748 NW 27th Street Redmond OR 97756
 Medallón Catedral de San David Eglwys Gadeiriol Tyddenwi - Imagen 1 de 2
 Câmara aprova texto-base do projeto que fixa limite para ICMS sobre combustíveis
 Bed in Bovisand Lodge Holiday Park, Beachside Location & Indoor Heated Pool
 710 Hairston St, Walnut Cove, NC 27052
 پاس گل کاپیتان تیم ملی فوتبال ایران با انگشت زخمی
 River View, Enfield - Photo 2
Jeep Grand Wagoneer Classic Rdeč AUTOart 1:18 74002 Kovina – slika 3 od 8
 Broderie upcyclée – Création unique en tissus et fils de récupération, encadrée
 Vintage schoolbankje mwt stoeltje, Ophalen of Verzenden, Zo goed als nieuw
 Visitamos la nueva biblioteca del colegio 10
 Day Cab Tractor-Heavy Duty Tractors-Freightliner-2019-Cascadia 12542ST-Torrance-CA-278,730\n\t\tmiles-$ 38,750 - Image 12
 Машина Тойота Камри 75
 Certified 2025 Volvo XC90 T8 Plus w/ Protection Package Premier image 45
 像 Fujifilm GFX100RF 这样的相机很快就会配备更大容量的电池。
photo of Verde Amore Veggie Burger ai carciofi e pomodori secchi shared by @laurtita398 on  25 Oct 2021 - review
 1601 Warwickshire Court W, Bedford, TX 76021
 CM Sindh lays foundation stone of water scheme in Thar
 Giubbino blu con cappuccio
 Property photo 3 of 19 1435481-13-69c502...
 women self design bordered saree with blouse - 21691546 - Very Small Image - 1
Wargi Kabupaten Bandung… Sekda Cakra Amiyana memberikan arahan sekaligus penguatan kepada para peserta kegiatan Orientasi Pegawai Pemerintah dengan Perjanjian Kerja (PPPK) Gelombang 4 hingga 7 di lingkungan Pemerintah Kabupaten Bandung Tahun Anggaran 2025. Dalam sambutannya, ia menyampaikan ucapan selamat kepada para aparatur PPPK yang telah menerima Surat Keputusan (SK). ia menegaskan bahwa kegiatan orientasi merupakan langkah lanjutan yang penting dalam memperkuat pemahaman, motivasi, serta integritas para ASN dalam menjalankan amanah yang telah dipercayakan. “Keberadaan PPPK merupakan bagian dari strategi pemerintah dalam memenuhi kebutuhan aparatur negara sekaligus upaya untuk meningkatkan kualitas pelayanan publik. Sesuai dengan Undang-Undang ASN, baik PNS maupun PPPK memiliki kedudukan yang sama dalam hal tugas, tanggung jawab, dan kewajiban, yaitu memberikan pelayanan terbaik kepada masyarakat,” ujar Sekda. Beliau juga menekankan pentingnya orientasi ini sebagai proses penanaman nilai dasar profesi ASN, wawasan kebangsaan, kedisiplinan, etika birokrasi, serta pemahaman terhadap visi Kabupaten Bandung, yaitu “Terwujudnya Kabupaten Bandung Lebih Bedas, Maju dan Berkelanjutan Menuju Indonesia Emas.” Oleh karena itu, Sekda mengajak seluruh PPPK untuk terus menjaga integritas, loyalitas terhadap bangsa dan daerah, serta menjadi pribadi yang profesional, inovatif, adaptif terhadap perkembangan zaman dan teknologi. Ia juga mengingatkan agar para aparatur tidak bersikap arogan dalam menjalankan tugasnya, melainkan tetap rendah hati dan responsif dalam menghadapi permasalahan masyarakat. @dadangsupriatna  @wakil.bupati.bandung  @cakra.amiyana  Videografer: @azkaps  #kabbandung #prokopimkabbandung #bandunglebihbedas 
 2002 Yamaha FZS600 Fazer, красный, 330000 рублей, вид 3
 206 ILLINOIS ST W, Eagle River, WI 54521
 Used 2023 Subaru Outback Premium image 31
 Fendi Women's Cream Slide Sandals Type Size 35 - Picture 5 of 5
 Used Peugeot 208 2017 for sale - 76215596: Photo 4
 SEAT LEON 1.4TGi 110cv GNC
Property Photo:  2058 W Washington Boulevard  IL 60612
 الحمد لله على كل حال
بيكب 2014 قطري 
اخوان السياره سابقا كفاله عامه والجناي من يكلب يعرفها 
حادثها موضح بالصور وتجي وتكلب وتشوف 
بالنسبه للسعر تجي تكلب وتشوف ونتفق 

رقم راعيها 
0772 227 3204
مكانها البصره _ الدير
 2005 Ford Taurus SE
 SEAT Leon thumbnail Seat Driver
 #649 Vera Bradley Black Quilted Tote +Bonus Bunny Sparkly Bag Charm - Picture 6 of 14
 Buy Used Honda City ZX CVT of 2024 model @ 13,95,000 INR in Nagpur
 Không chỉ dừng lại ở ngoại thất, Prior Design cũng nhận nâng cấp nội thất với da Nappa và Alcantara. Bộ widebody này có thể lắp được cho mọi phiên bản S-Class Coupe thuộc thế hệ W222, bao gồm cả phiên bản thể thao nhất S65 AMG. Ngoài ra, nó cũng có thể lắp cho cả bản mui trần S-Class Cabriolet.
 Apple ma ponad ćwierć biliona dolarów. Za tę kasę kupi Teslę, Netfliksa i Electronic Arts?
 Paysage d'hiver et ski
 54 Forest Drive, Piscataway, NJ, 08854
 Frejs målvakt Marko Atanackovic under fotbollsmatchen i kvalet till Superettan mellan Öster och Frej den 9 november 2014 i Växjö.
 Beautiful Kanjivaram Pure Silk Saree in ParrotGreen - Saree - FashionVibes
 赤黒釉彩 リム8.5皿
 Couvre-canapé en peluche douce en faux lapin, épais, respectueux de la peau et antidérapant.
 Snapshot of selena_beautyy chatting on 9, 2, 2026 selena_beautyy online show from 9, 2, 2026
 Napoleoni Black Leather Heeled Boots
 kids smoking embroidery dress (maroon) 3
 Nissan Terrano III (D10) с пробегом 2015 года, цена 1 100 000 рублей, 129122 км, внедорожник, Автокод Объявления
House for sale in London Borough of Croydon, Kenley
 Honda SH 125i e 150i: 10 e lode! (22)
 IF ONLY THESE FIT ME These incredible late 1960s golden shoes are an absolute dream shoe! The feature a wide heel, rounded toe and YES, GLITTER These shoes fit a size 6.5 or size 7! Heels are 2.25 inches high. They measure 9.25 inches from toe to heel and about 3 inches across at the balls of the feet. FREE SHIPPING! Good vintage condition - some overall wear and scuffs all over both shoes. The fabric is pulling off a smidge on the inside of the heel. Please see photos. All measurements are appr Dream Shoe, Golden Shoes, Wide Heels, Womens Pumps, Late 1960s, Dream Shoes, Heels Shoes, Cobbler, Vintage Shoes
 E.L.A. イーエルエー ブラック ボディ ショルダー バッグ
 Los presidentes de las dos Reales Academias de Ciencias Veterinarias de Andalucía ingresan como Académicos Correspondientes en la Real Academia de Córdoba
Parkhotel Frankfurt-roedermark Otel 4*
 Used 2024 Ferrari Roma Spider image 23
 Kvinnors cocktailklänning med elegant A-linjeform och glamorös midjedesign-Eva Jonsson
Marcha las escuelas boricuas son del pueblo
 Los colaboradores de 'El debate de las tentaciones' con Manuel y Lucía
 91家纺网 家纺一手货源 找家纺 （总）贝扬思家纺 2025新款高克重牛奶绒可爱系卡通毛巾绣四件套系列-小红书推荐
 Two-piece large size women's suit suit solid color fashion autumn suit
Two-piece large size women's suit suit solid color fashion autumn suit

WORK TO BE COMPLETED:
Quote exactly the line containing "Los colaboradores de" and every later line through the end of the listing, and no other lines.

SOLUTION TO THE EXERCISE:
 Los colaboradores de 'El debate de las tentaciones' con Manuel y Lucía
 91家纺网 家纺一手货源 找家纺 （总）贝扬思家纺 2025新款高克重牛奶绒可爱系卡通毛巾绣四件套系列-小红书推荐
 Two-piece large size women's suit suit solid color fashion autumn suit
Two-piece large size women's suit suit solid color fashion autumn suit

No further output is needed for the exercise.